**WORK TASK**:
Starting at the line that contains "Close-up detail of" and stopping at the line that contains "A bathtub with", restate each line of the records below exactly. Omit the pictures.

**TASK INPUT**:
== Segment start ==

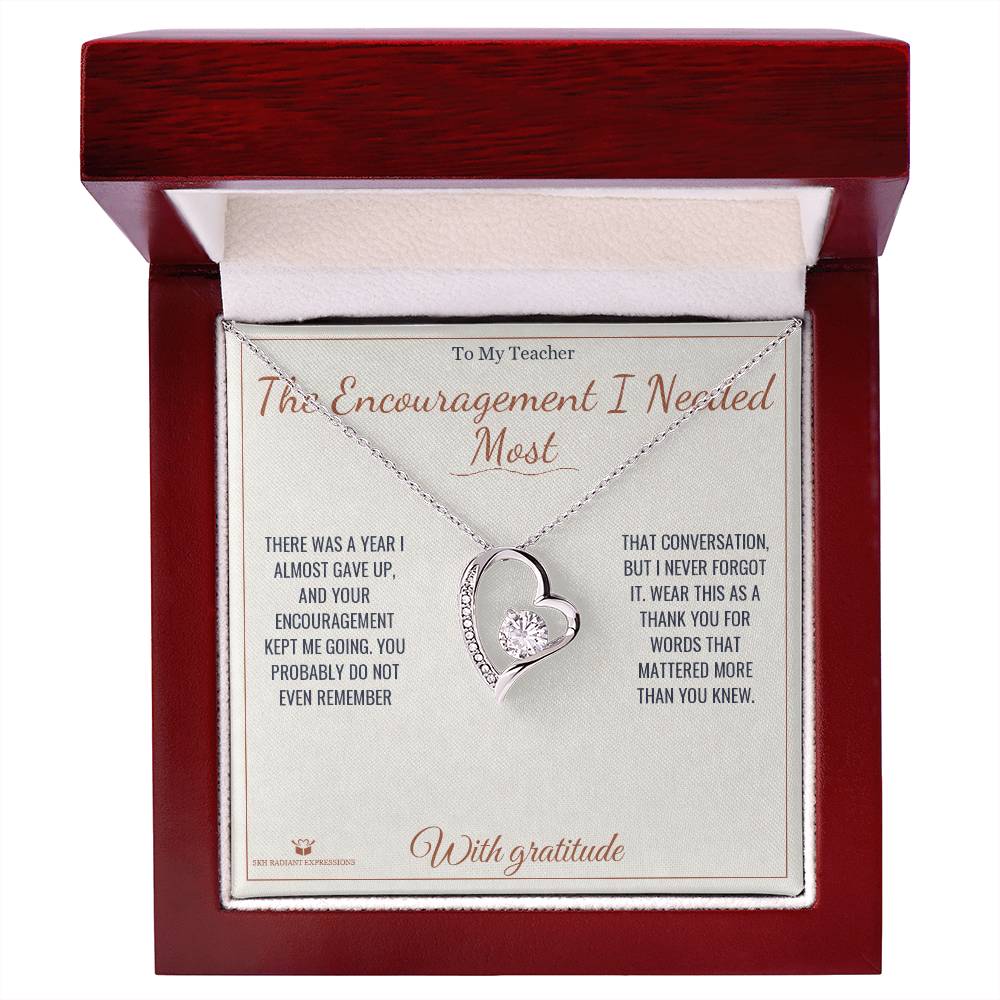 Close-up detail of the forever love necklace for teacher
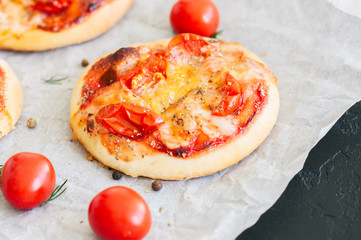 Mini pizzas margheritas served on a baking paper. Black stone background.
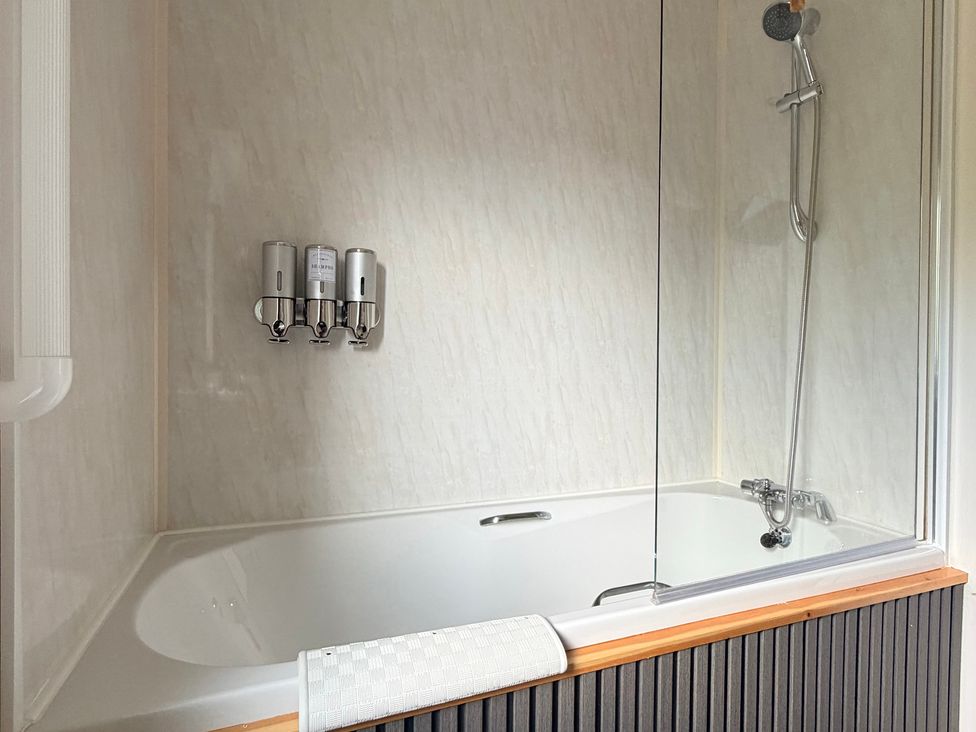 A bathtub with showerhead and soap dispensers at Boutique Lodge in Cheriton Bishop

== Segment end ==
== Segment start ==

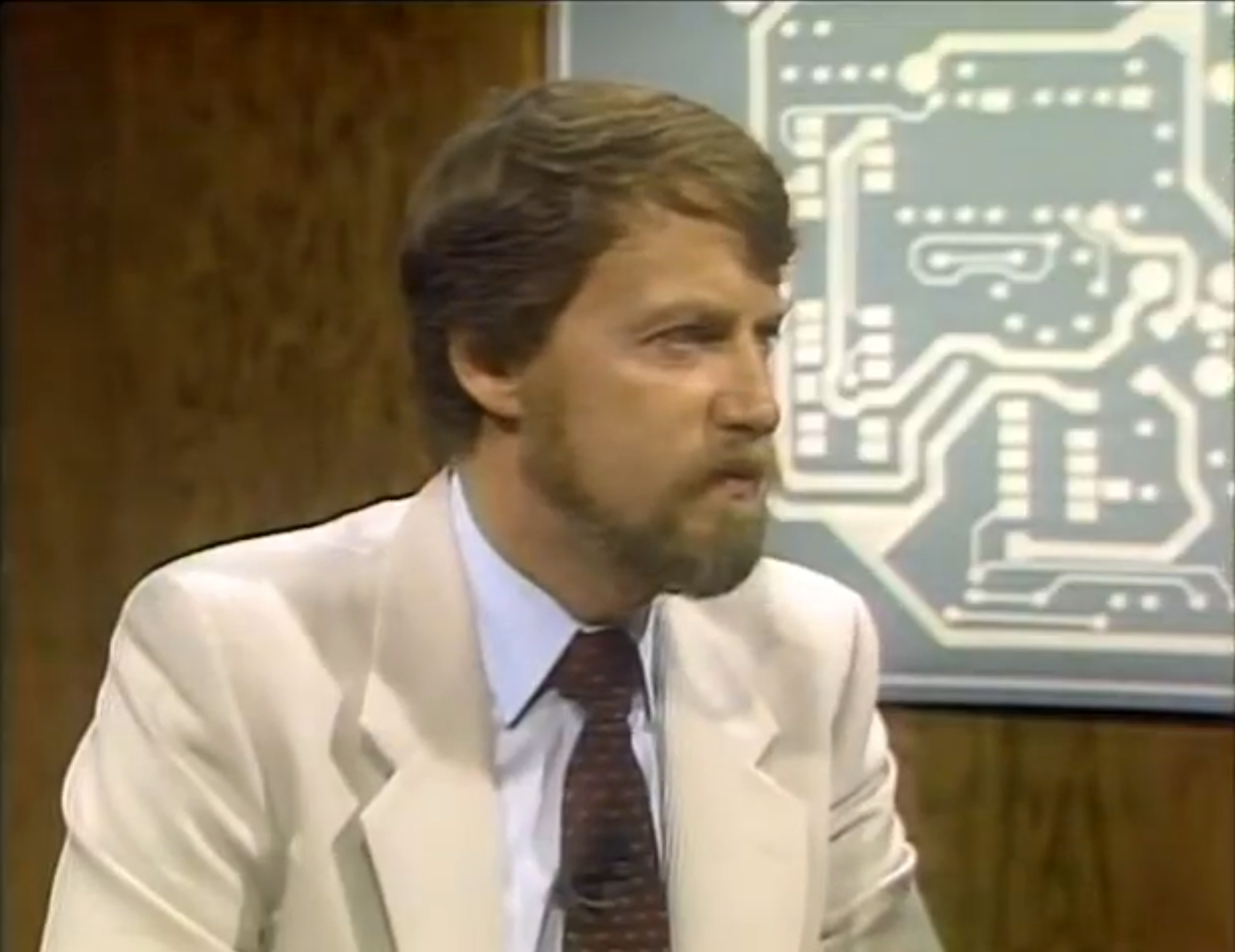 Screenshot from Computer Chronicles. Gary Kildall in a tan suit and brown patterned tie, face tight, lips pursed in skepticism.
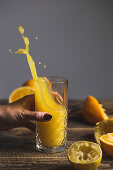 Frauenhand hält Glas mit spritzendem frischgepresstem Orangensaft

== Segment end ==

**ANSWER TO THIS TASK**:
 Close-up detail of the forever love necklace for teacher
 Mini pizzas margheritas served on a baking paper. Black stone background.
 A bathtub with showerhead and soap dispensers at Boutique Lodge in Cheriton Bishop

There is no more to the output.